WILK I ZAJĄC NA TROPIE PRZYGÓD, DŹWIĘKÓW, SMAKÓW - CZYLI ZAPISKI Z WIELOMIESIĘCZNEJ WĘDRÓWKI PO KRAJACH BYŁEGO ZSRR ________________________________________________________________________________________________________________________________________________

16 września 2012

KIJOWIANIE UCZCILI ROCZNICĘ ZABÓJSTWA GEORGIJA GONGADZE

Dzisiaj wieczorem na centralnym placu Kijowa – Majdanie Nezałeżnosti (Plac Niepodległości, Майдан Незалежностi), zebrało się ponad sto osób, aby uczcić 12-tą rocznicę tragicznej śmierci Georgija Gongadze i 63 innych dziennikarzy, zamordowanych na przestrzeni niepodległych lat Ukrainy.

Georgij Gongadze był ukraińskim dziennikarzem gruzińskiego pochodzenia, założycielem i redaktorem głównym internetowej gazety “Ukraińska Prawda”, w której otwarcie krytykował przeżarte korupcją władze i brak wolności słowa na Ukrainie. Zaginął we wrześniu 2000 roku. Dwa miesiące później pozbawione głowy ciało znaleziono w lesie niedaleko Białej Cerkwi.
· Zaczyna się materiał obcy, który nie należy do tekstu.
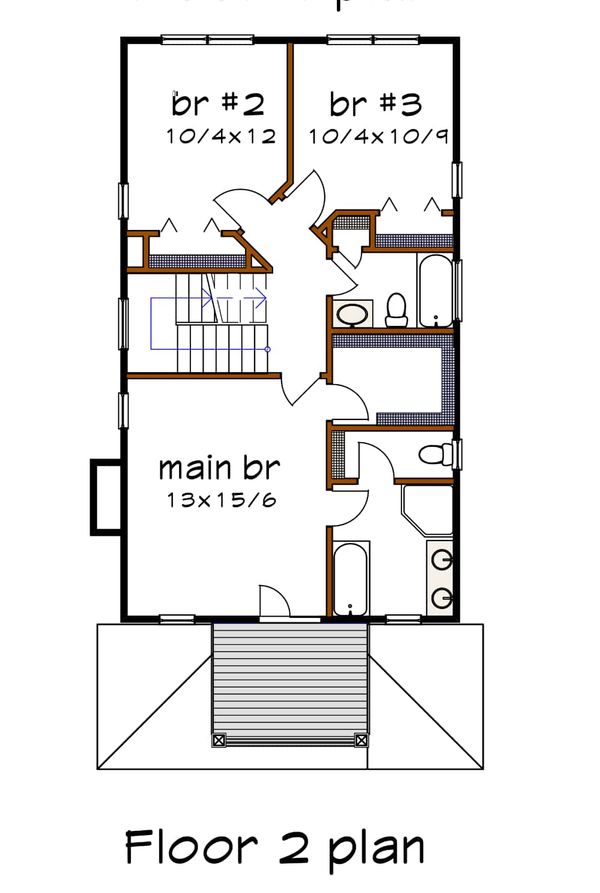 Architectural House Design - Southern Floor Plan - Upper Floor Plan #79-227
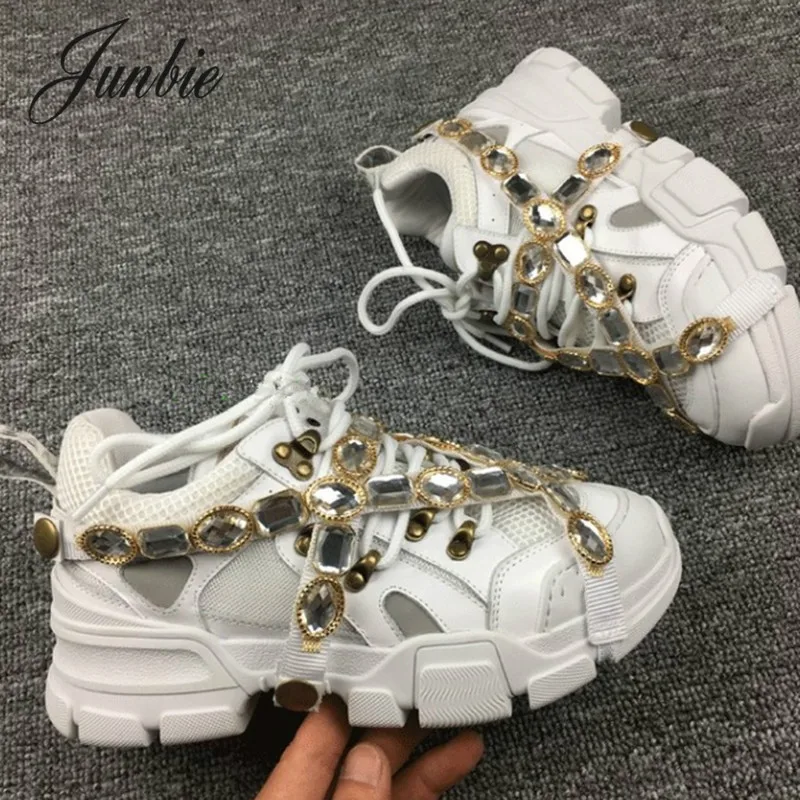 

JUNBIE New Genuine Leather Gladiator Lace Up Women Casual Shoes Crystal Belt Fashion Party Shoes Women Ladies Shoes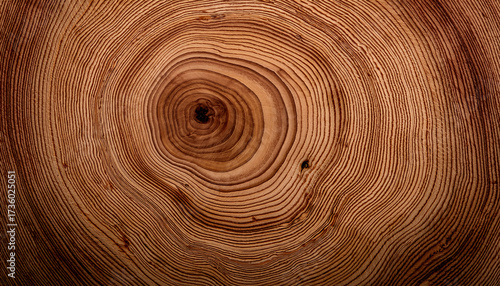 Close Up Of Concentric Circles Of End Of Wood Grain
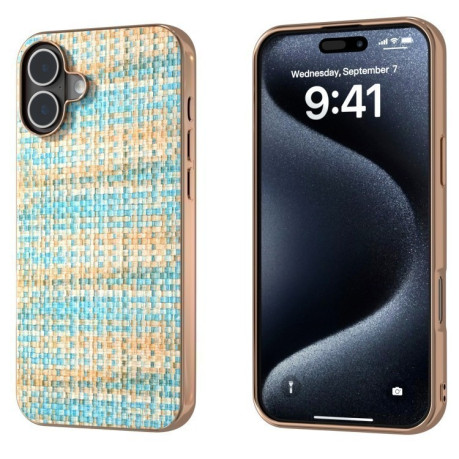 Чехол Electroplated Frame Color Lattice Texture PU для  iPhone 16 Plus - синий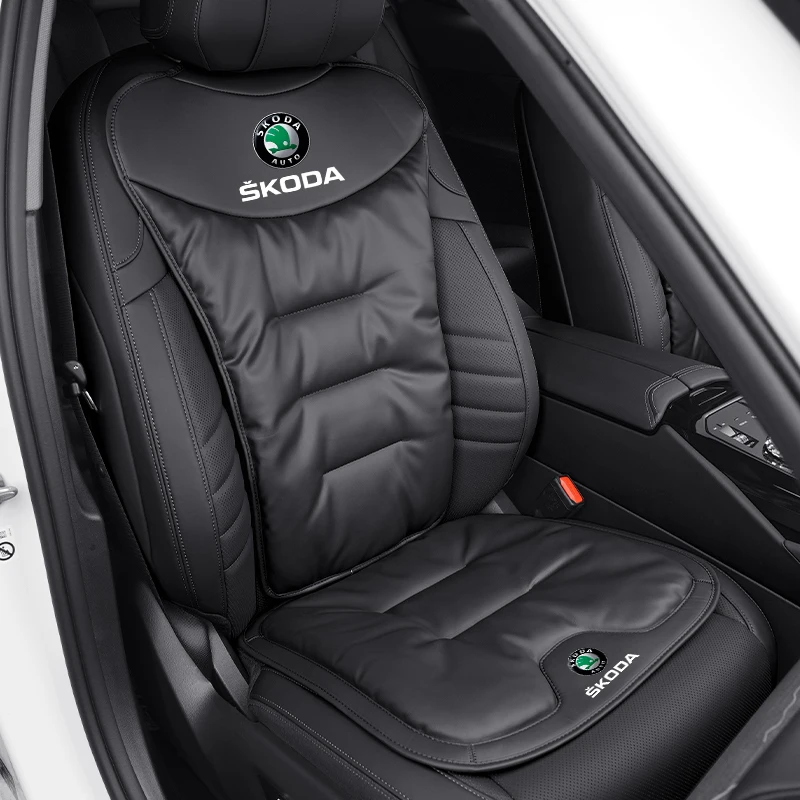 Car Seat Velvet Cushion Leather Backrest Seat Cover Accessories For Skoda Octavia Rapid Kodiaq Superb Derivative Karoq Fabia Kam view 3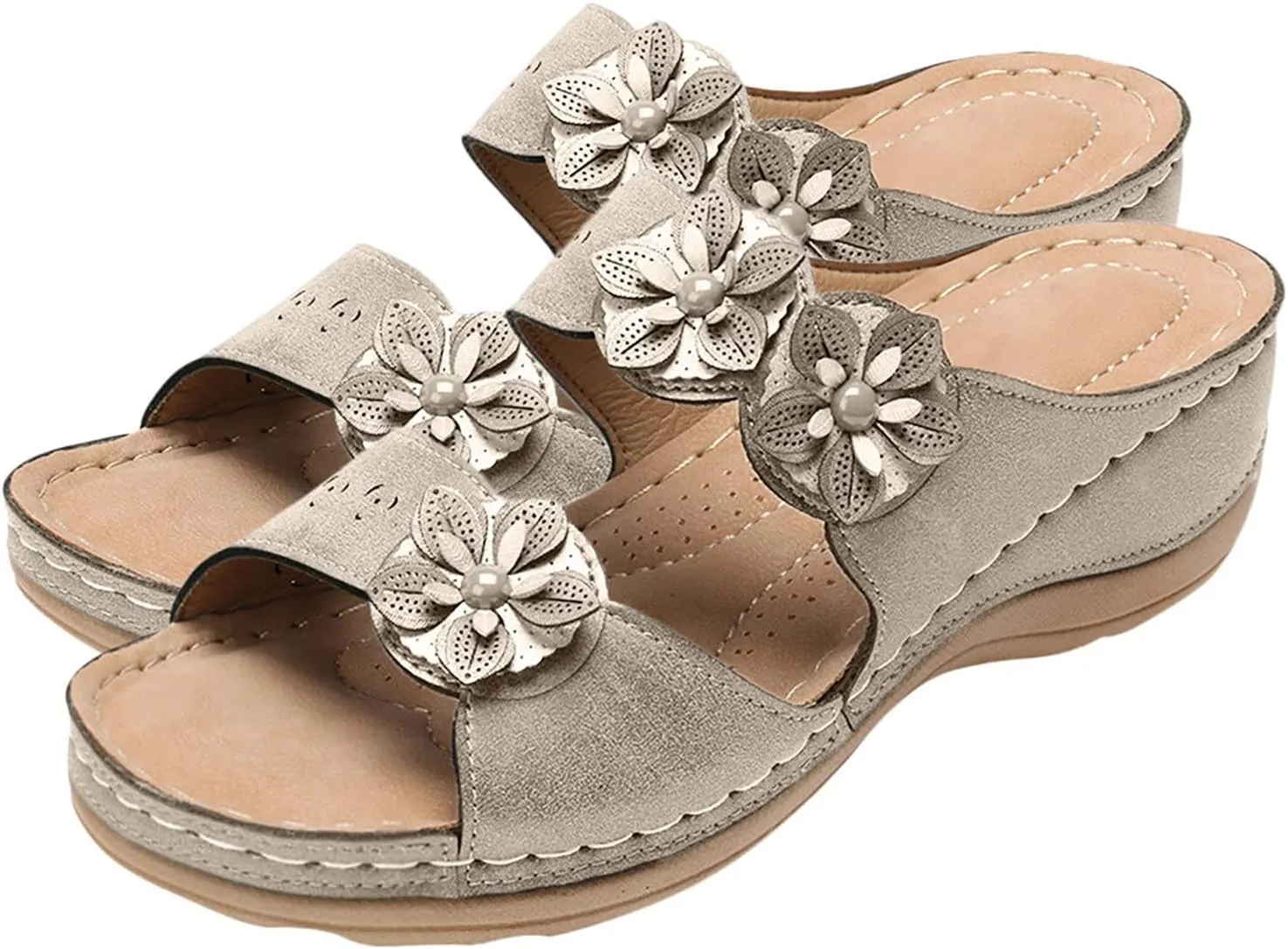 Sandals for Women Dressy Summer, Women Premium Orthopedic Open Toe Sandals Retro Anti-Slip Summer Casual Sandals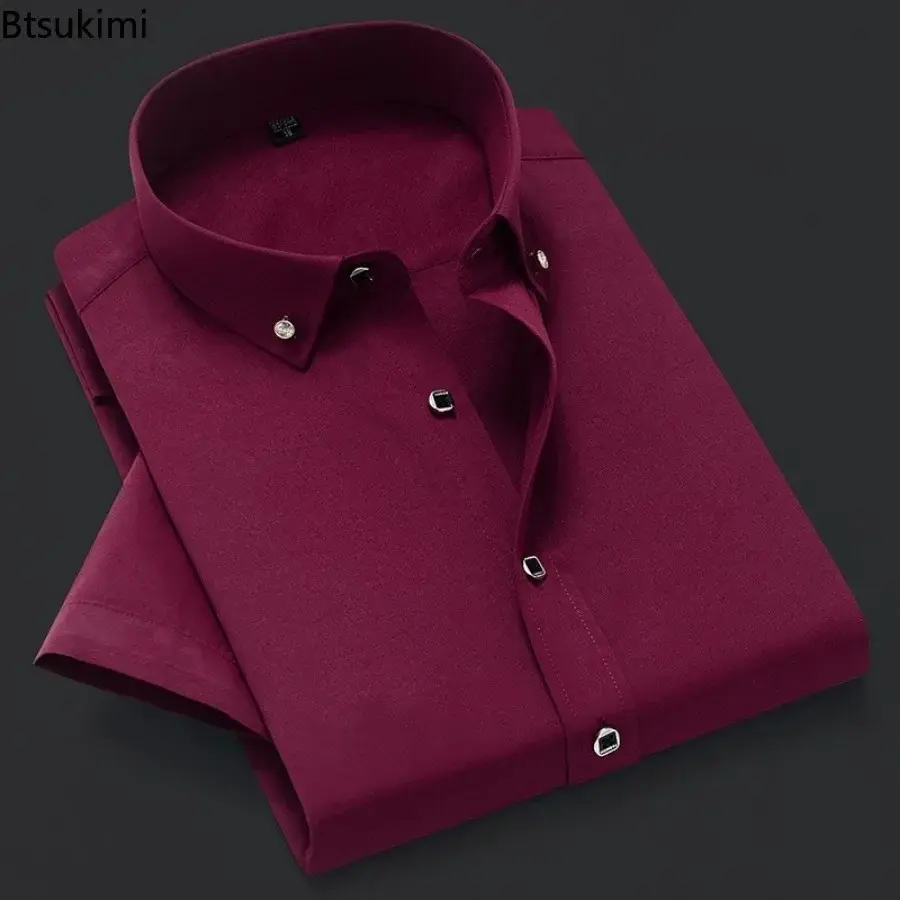 Fashion New Men's Short Sleeve Dress Shirts Summer Solid Slim Office Business Formal Shirts Men Casual Social Blouses Oversized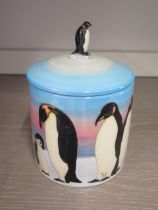 A Sally Tuffin Penguin lidded pot - some crazing, chip to beak otherwise good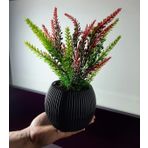 Saksıda Yapay Çiçek Kırmızı , Yeşil Lavanta Demeti Taş Yosunlu Mini Saksı Aranjman 25 Cm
Śmierć dziennikarza wywołała falę protestów przeciwko ówczesnemu prezydentowi Leonidowi Kuczmie. Ujawnienie przez majora Mykołę Melnyczenkę (były oficer służby bezpieczeństwa i ochroniarz Kuczmy) taśm z podsłuchu w gabinecie prezydenckim wywołało skandal polityczny pod nazwą afery kasetowej. W nagranej rozmowie Kuczmy z szefem prezydenckiej administracji Wołodymyrem Łytwynem prezydent sugeruje pozbycie się dziennikarza. Kuczma kategorycznie zaprzeczył jakoby on był zleceniodawcą zabójstwa, a sprawę toczącą się przeciw niemu w sądzie szybko zamknięto. W dniu, w którym w sprawie Gongadzego miał zeznawać szef MSW Jurij Krawczenko, znaleziono go martwego z bronią w ręku w jego domu. W 2005 roku trzech byłych pracowników ukraińskiego MSW - Walerij Kostenko, Nikołaj Protasow i Ołeksandr Popowycz, usłyszało zarzuty i otrzymało kilkunastoletnie wyroki. W 2009 roku dołączył do nich Ołeksij Pukacz, który miał tą trójką dowodzić. Wiele osób uważa, że prawdziwi zleceniodawcy morderstwa nie zostali ukarani.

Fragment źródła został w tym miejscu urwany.